Jedną z najbardziej oburzających kwestii, zaznaczonych w raporcie, jest kwota wydana na likwidację składników majątkowych. – Likwidacja 1246 składników majątkowych należących do kancelarii za kwotę ponad 1,3 mln zł. Jak należy nazwać coś takiego? – mówił prezydencki minister.
Wspomniał również o tym, że kancelaria poprzednika Dudy zgubiła szyfrowe telefony, co, zdaniem Dery, mogło stanowić zagrożenie dla bezpieczeństwa państwa.
– Zagubienie szyfrowych telefonów, one po prostu zniknęły. Pracownicy Bronisława Komorowskiego stwierdzili, że zaginęły i nie wiadomo, kiedy to się stało. Patrząc z punktu widzenia bezpieczeństwa państwa, szczególnie biorąc pod uwagę zagrożenia terrorystyczne, to rzecz niewyobrażalna. Ktoś, kto przejął te telefony mógł podsłuchiwać cały rząd – podkreślał.
Dera mówił również o spustoszeniach, jakich dokonano w rezydencjach prezydenckich w Klarysewie i Promniku.

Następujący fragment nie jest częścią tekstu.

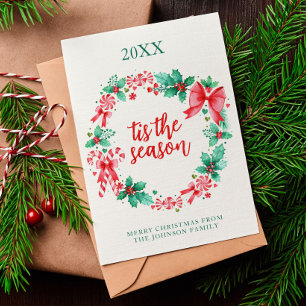Tarjeta Festiva Wreath de Navidades de caña de candy de menta colo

– Tam nie zostało nic, gołe ściany, żadnego majątku. W willach prezydenckich, w ciągu krótkiego czasu zostawili gołe ściany i ruinę, zostały zgliszcza – stwierdził minister. – Jeżeli chodzi o to, co się stało w Klarysewie, będzie zawiadomienie do prokuratury – dodał.

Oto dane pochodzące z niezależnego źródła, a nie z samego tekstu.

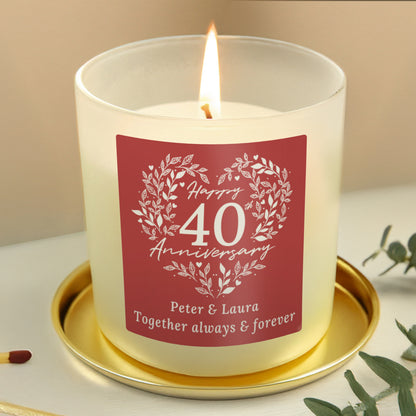 Personalised 40th Ruby Wedding Anniversary Candle Jar - image 2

Poruszona została także kwestia odpraw. – Lekką ręką wydawane setki tysięcy na odprawy. Z jednej strony zwalniano ludzi, dawano im odprawy i zatrudniano gdzie indziej za wysokie stawki – mówił.
– Ten raport wskazuje też rzeczy, które były robione dobrze. Po każdej opisanej sprawie, mamy podane wnioski, co należy zrobić, żeby uniknąć błędów. To materiał, który ma pomóc obecnej kancelarii – dodawał Dera.